▶ What the exercise asks: Repeat every entry word for word; omit all pictures.

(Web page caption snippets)
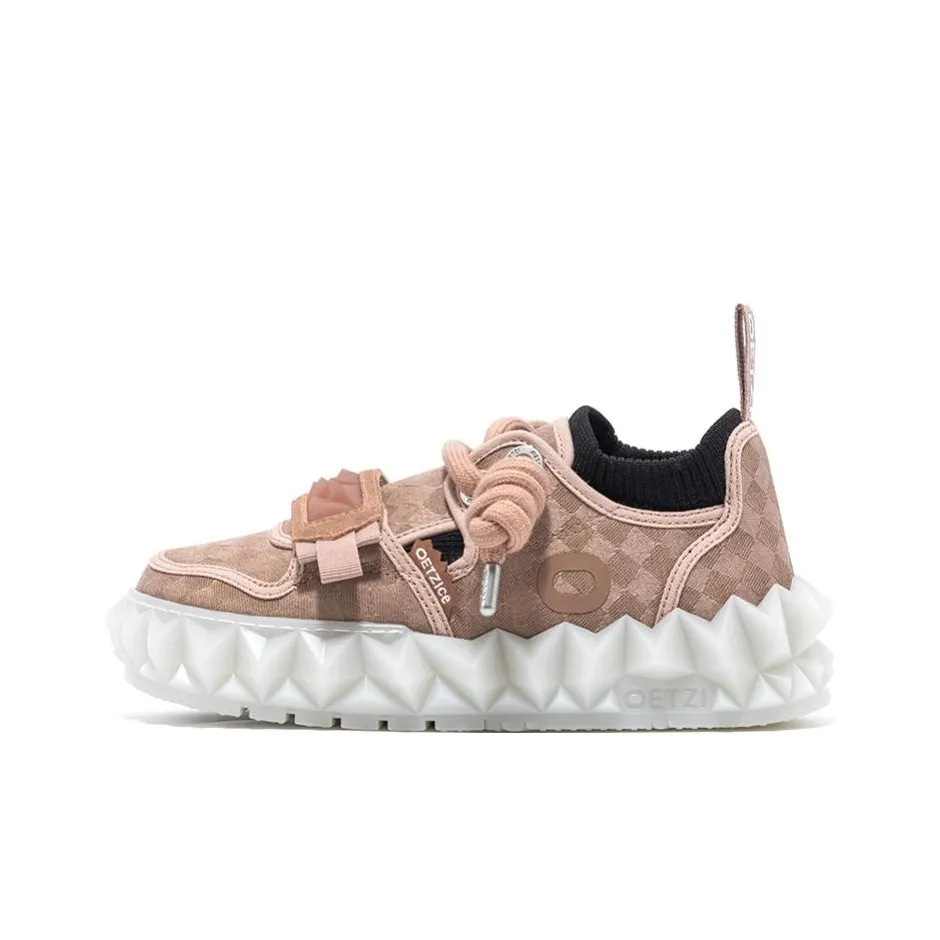 OETZI Ice Mountain Series 11 Low Top Casual Shoes Women's Dark Pink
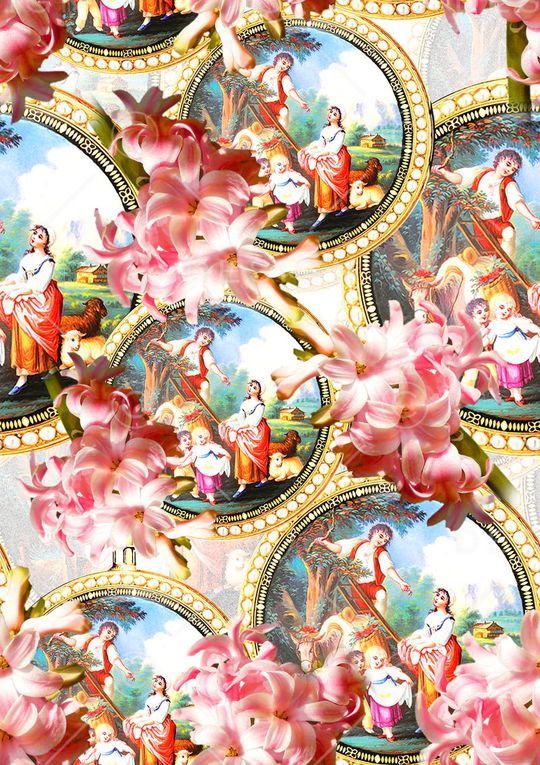 流行时尚印花华亿平台图片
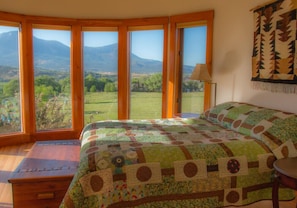 Mountain View Room | Individually decorated, individually furnished, laptop workspace - Wisehart Springs Inn (Paonia)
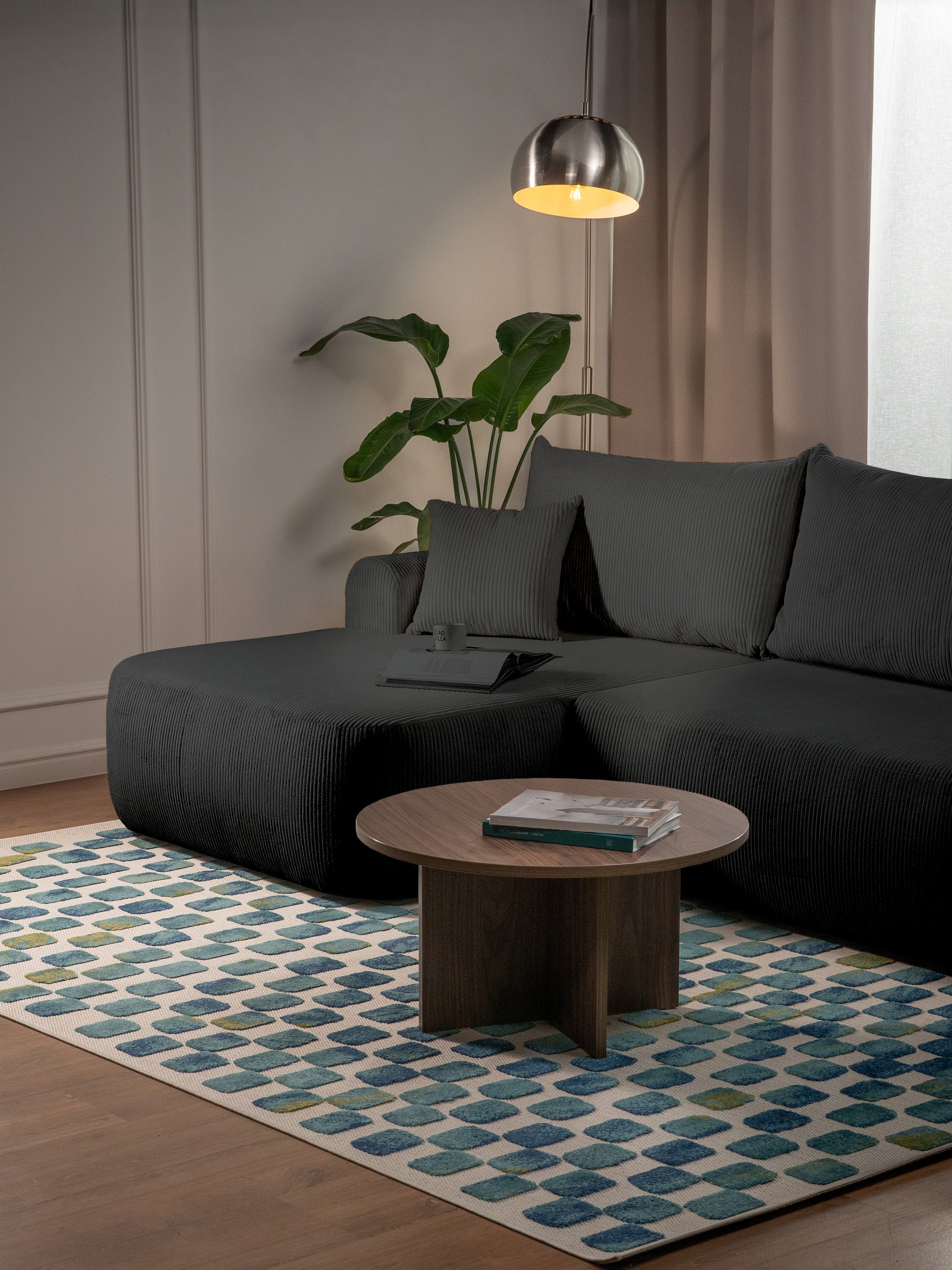 selsey-ovo-cord-ecksofa-mit-schlaffunktion-links-l-form-dunkelgrau image 3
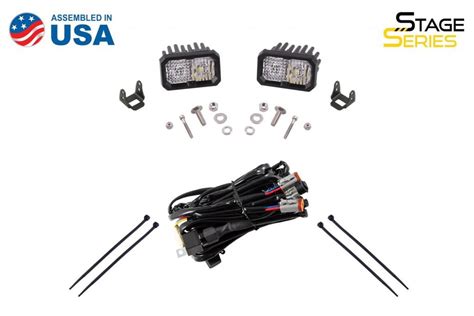 Diode Dynamics Stage Series 2in Led Ditch Light Kit For 2010 2021 Toyota 4runner Pro White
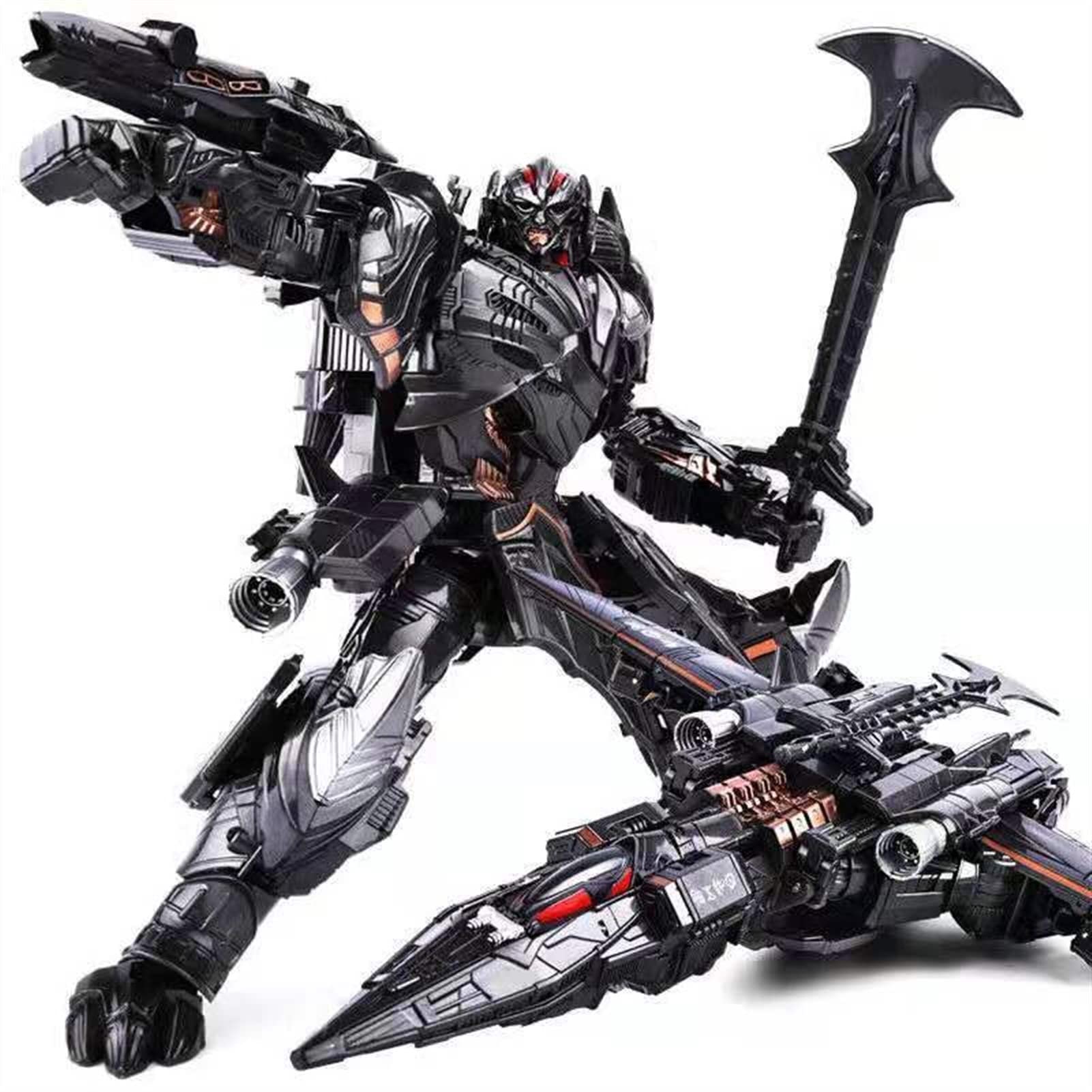 GQZYY Transformers The Last Knight Megatron Airplane to Robot Action Figure Toy - Collectible Decepticon Leader for Kids & Adult Fans - Perfect for Display, Play and Movie Reenactments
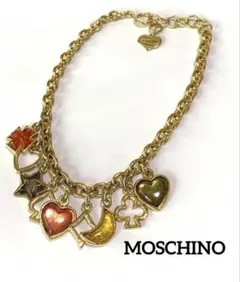 【80’s】MOSCHINOモスキーノ キャンディ ルーサイト ネックレスのサムネイル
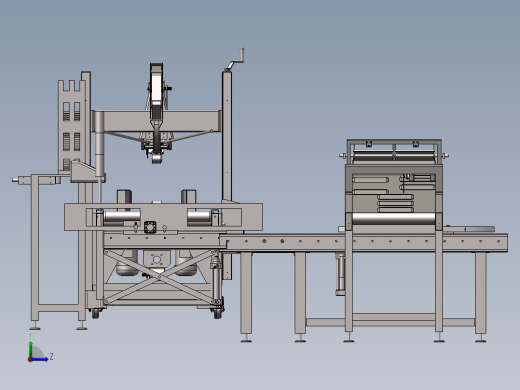 纸箱装箱生产线全套模型左视缩略图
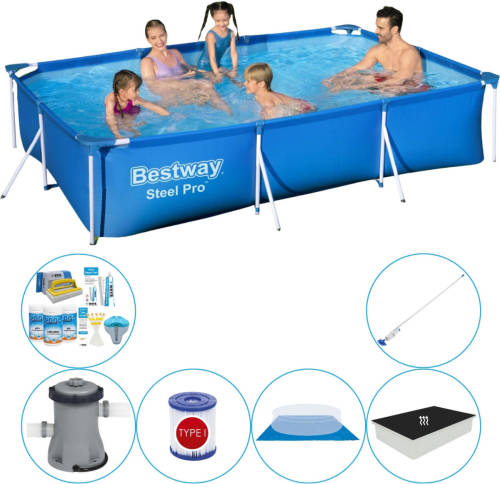 Bestway Steel Pro Rechthoekig 300x201x66 Cm - Zwembad Combinatie Pakket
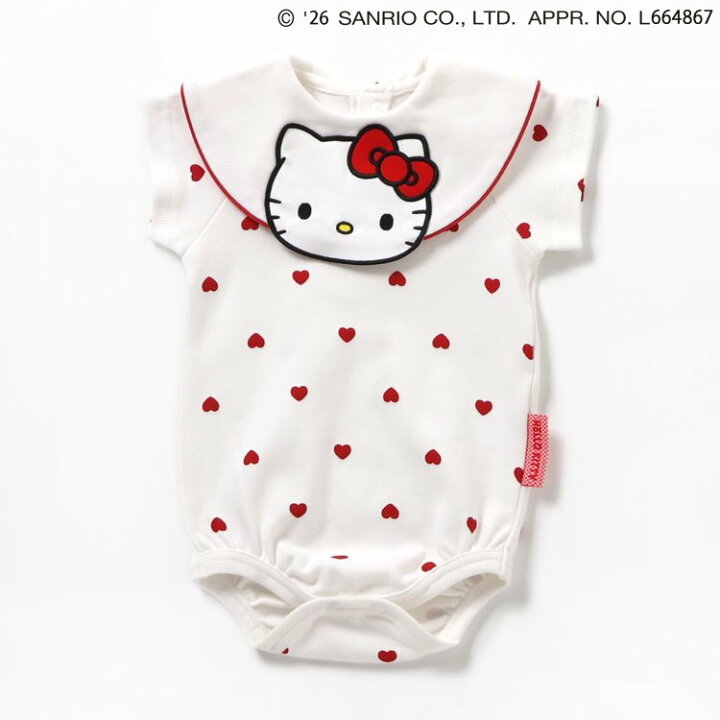 🇯🇵預訂 日本直送🇯🇵Apres les cours x Sanrio系列兩色愛心波點人物圍兜短袖包屁衣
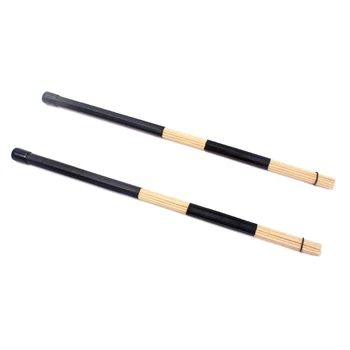 Джазовые барабанные палочки с гладкой рукояткой, прочные бамбуковые барабанные палочки, подарок для мужчин и женщин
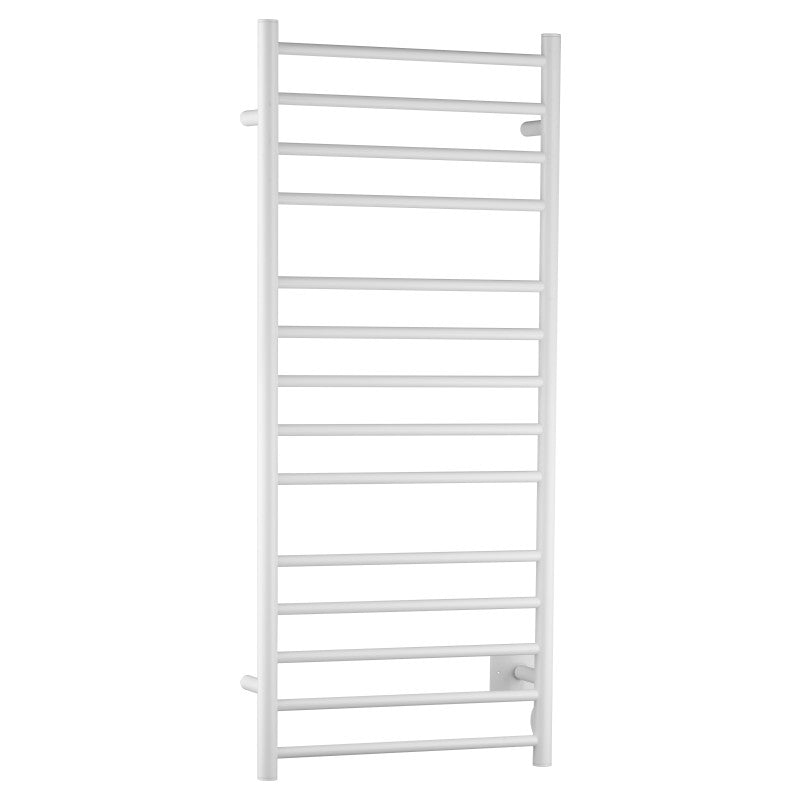 TW-WM105WH - Elgon 14-Bar Carbon Steel Wall Mounted Electric Towel Warmer Rack in White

▶ Result of the task:
 OETZI Ice Mountain Series 11 Low Top Casual Shoes Women's Dark Pink
 流行时尚印花华亿平台图片
 Mountain View Room | Individually decorated, individually furnished, laptop workspace - Wisehart Springs Inn (Paonia)
 selsey-ovo-cord-ecksofa-mit-schlaffunktion-links-l-form-dunkelgrau image 3
 Diode Dynamics Stage Series 2in Led Ditch Light Kit For 2010 2021 Toyota 4runner Pro White
 GQZYY Transformers The Last Knight Megatron Airplane to Robot Action Figure Toy - Collectible Decepticon Leader for Kids & Adult Fans - Perfect for Display, Play and Movie Reenactments
 【80’s】MOSCHINOモスキーノ キャンディ ルーサイト ネックレスのサムネイル
 纸箱装箱生产线全套模型左视缩略图
 Bestway Steel Pro Rechthoekig 300x201x66 Cm - Zwembad Combinatie Pakket
 🇯🇵預訂 日本直送🇯🇵Apres les cours x Sanrio系列兩色愛心波點人物圍兜短袖包屁衣
 Джазовые барабанные палочки с гладкой рукояткой, прочные бамбуковые барабанные палочки, подарок для мужчин и женщин
 TW-WM105WH - Elgon 14-Bar Carbon Steel Wall Mounted Electric Towel Warmer Rack in White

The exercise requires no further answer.